#### What the task asks:
Set down each line of the records once more, precisely, and omit the pictures.

Content starts

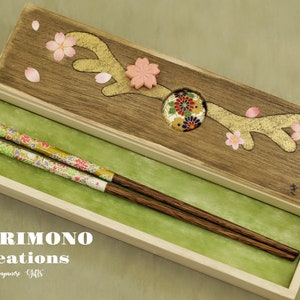 Palillos japoneses hechos a mano, regalo de cumpleaños, caja de madera pintada a mano, palillos personalizados grabados, regalos de fiesta, recuerdos de boda, C267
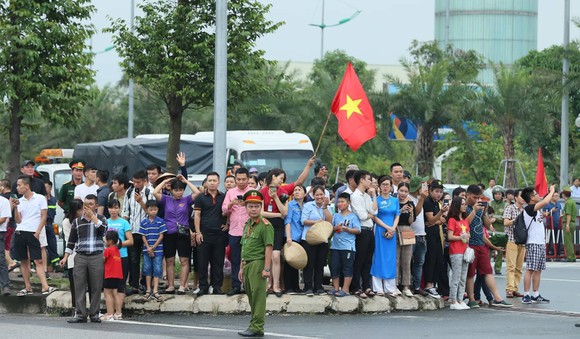 Hàng ngàn người hâm mộ đổ ra đường đón Đoàn thể thao Việt Nam ảnh 41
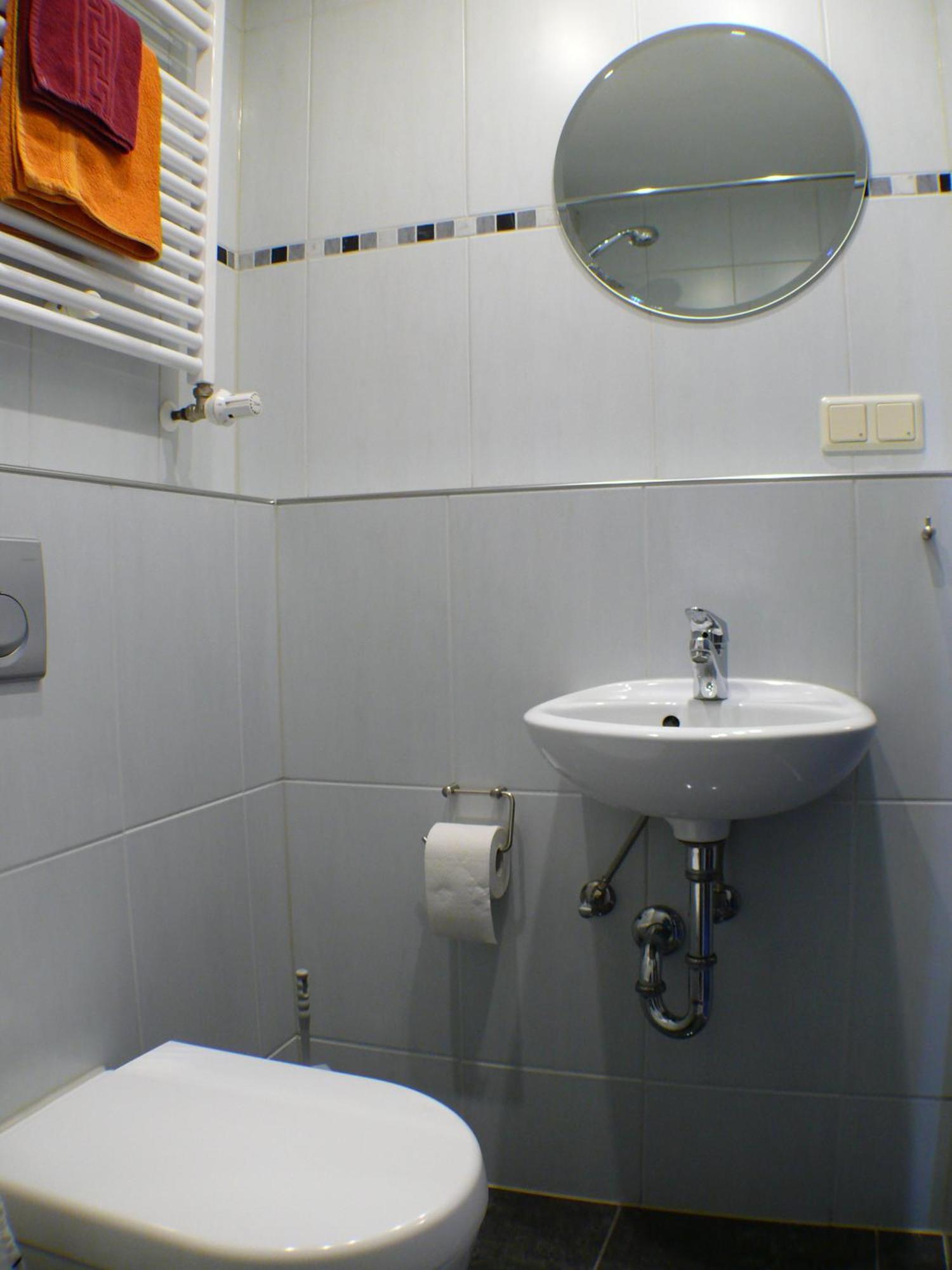 Hotel Garni Pension Ruth Mutterstadt Habitación foto
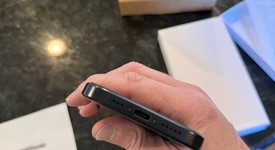 Mint
													Apple iPhone 16 Pro - Unlocked, Black, 256 GB, A3083, photo 3 of 10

Content ends

#### Task solution:
 Palillos japoneses hechos a mano, regalo de cumpleaños, caja de madera pintada a mano, palillos personalizados grabados, regalos de fiesta, recuerdos de boda, C267
 Hàng ngàn người hâm mộ đổ ra đường đón Đoàn thể thao Việt Nam ảnh 41
 Hotel Garni Pension Ruth Mutterstadt Habitación foto
 Mint
													Apple iPhone 16 Pro - Unlocked, Black, 256 GB, A3083, photo 3 of 10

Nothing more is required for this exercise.